Des pluies diluviennes ont touché le département hier soir, lundi 12 juin.

Des orages impressionnants se sont abattus sur l’Isère hier soir. Les précipitations ont commencé vers 19 heures, dans le Val du Dauphiné, près du lac de Paladru, et se sont petit à petit décalées vers le sud-est jusqu’à 21h30, dans le Grésivaudan, en passant par le Pays Voironnais et l’agglomération grenobloise.

Les pompiers ont été mobilisés sur plus de 70 interventions dans la soirée. En majorité pour des inondations dans des caves chez des particuliers et dans certaines entreprises. Dans les Terre-Froides, entre 40 et 60mm d’eau ont été relevés hier soir. A Rives, ce sont même 80mm de précipitations qui sont tombés localement.

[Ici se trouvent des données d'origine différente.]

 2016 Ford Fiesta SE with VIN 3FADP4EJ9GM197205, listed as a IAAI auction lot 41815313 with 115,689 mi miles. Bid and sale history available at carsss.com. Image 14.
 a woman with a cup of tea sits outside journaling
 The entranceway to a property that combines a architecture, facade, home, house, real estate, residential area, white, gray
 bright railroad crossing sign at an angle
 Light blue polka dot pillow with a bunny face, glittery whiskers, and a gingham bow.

A Saint-Ismier, c’est même une partie du faux-plafond d’un théâtre qui s’est effondré en plein spectacle. Les conduits d’évacuation été bouchés et les fortes pluies ont causé des infiltrations d’eau dans 6m² du faux-plafond. Heureusement, les 300 personnes à l’intérieur ont pu évacuer les lieux sains et saufs. Les pompiers ont évité que l’eau n’entre en contact avec un panneau électrique.

Plusieurs routes ont également été coupées à la circulation à cause des intempéries. C’est notamment le cas de la départementale 30 entre Saint-Pancrasse et Saint-Hilaire-du-Touvet, sur le Plateau-des-Petites-Roches, ou encore la départementale 73C entre Beaufort et Thodure.

Pas de trains entre Saint-André-le-Gaz et Moirans

Les difficultés continuent pour les usagers de la ligne Grenoble/Lyon. Alors que le trafic devait revenir à la normale ce mardi, dix jours après un glissement de terrain à Bourgoin-Jallieu, une nouvelle coulée de boue – à Rives cette fois – perturbe le trafic des trains.

Depuis ce matin, aucun train ne circule entre Saint-André-le-Gaz et Moirans. Les trains sont détournés par Chambéry, ce qui engendre entre 30 et 45 minutes de trajet supplémentaires. Le retour à la normale n'est pas attendu avant ce week-end.